Le président du Congrès, Roberto Micheletti, a été désigné quelques heures plus tard nouveau chef de l'Etat du Honduras par le Parlement, et a décrété un couvre-feu de 48 heures dans ce pays d'Amérique centrale.

«Nous reconnaissons Zelaya comme étant le président constitutionnel régulièrement élu du Honduras. Nous n'en voyons pas d'autre», a réagi peu après un responsable du gouvernement américain qui a requis l'anonymat.

Le président américain Barack Obama s'était précédemment dit «profondément préoccupé» par la situation au Honduras et sa secrétaire d'Etat Hillary Clinton avait condamné des actions qui «violent les principes de la Charte démocratique interaméricaine».

L'assemblée générale des Nations unies se réunira en urgence lundi pour examiner la situation politique dans le pays, et le secrétaire de l'ONU, Ban Ki-Moon, a d'ores et déjà demandé que le président Zelaya soit rétabli dans ses fonctions.

Partout dans le monde, les condamnations de cette éviction se sont multipliées et notamment dans les rangs de la gauche radicale latino-américaine, dont M. Zelaya s'était rapproché ces dernières années après avoir été élu en 2006 sous l'étiquette de conservateur.

A Tegucigalpa, des centaines de manifestants ont réclamé son retour devant le palais présidentiel, entouré par des dizaines de soldats et des chars.

Les retransmissions des chaînes de télévision et de radio ont été interrompues, l'aéroport international a été fermé, l'électricité et les communications ont été coupées dans la capitale.

«Si les Etats-Unis ne sont pas derrière ce coup d'Etat, les putschistes ne pourront pas conserver le pouvoir», a déclaré le président Zelaya, encore vêtu du pyjama dans lequel il a été expulsé, à son arrivée à San José.

Huit de ses ministres ont aussi été arrêtés par les forces armées, a indiqué à l'AFP un fonctionnaire du gouvernement.

L'ambassadeur de Cuba au Honduras, Juan Carlos Hernandez, a également déclaré avoir été brièvement arrêté et frappé par des militaires, alors qu'il essayait de protéger la ministre hondurienne des Affaires étrangères, Patricia Rodas, avec l'aide de ses homologues du Venezuela et du Nicaragua.

L'armée n'a pas commis de «coup d'Etat», a affirmé M. Micheletti au cours d'une conférence de presse.
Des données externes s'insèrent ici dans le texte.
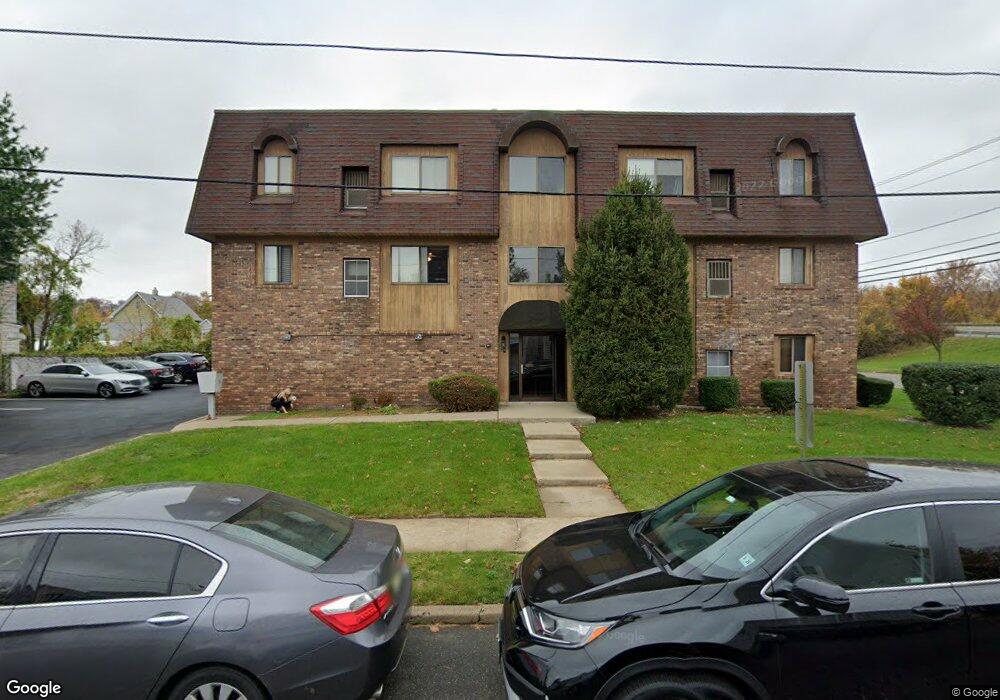 31 Oak St unit 1, Moonachie, NJ 07074 - photo 1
Les militaires se sont limités à «exécuter une decision de justice», prononcée parce que M. Zelaya «enfreignait les lois du pays», a-t-il expliqué.
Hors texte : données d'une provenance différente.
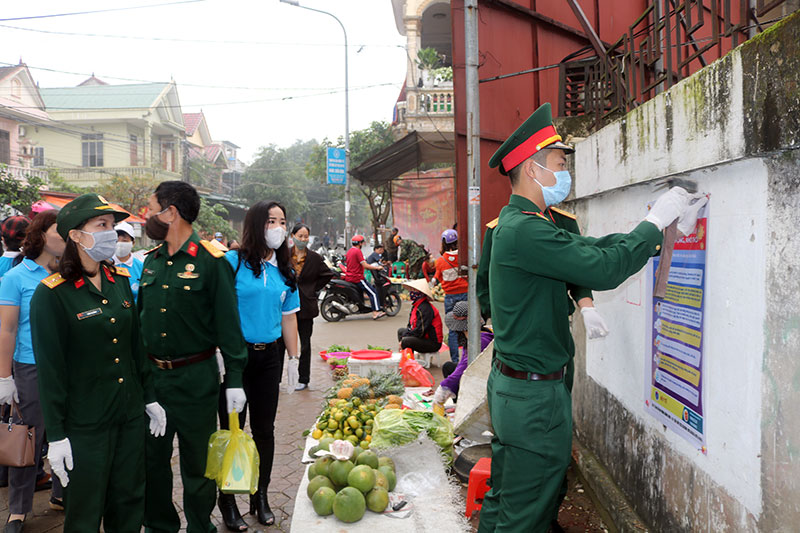 Lữ đoàn 873 phối hợp tuyên truyền và cấp khẩu trang y tế cho nhân dân TP Vinh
La Cour suprême du Honduras avait auparavant jugé illégale la consultation populaire que le chef de l'Etat, élu pour un mandat de quatre ans non renouvelable, voulait organiser dimanche pour ouvrir la voie à une révision de la Constitution lui permettant de briguer un deuxième mandat le 29 novembre.

Les pays membres de l'Alternative bolivarienne pour les Amériques (Alba), bloc antilibéral fondé par le Venezuela et Cuba auquel a adhéré le Honduras, ont dénoncé un «coup d'Etat».

Un sommet de l'Alba a été convoqué en urgence dimanche à Managua, selon le président vénézuélien Hugo Chavez qui a menacé «d'agir, y compris militairement», si son ambassadeur au Honduras était agressé.

Les ministres des Affaires étrangères du Système d'intégration centraméricain (SICA) ont exigé «le rétablissement immédiat dans ses fonctions» de M. Zelaya.

Le Brésil, l'Union européenne, Londres ou encore Paris ont également condamné l'expulsion du président élu du Honduras.

Le Groupe de Rio, dont le Honduras fait partie avec 22 autres pays latino-américains dont Cuba, dernier pays membre en date, a exprimé «sa condamnation la plus énergique».